Segment Open
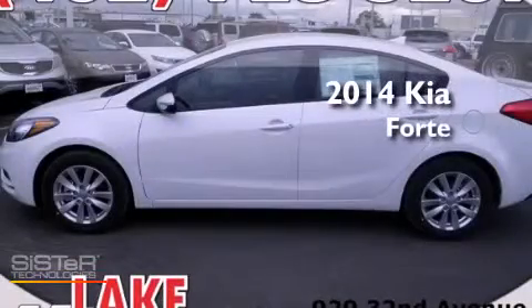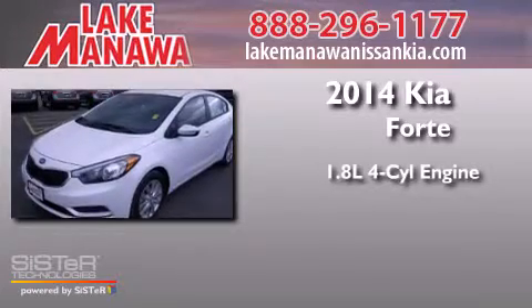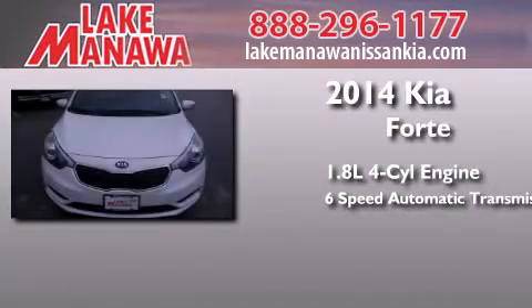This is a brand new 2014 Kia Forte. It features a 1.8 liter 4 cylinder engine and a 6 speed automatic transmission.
Segment Closed
Segment Open
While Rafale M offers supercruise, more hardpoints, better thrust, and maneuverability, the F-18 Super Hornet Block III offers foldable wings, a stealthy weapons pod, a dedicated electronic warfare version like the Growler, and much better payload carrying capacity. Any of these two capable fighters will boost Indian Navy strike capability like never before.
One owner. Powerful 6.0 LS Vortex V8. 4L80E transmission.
Segment Closed
## Task brief
Please reproduce exactly the lines in the listing above from the one containing "While Rafale M" through the one containing "One owner. Powerful", both included, and nothing more.

## Exercise solution
While Rafale M offers supercruise, more hardpoints, better thrust, and maneuverability, the F-18 Super Hornet Block III offers foldable wings, a stealthy weapons pod, a dedicated electronic warfare version like the Growler, and much better payload carrying capacity. Any of these two capable fighters will boost Indian Navy strike capability like never before.
One owner. Powerful 6.0 LS Vortex V8. 4L80E transmission.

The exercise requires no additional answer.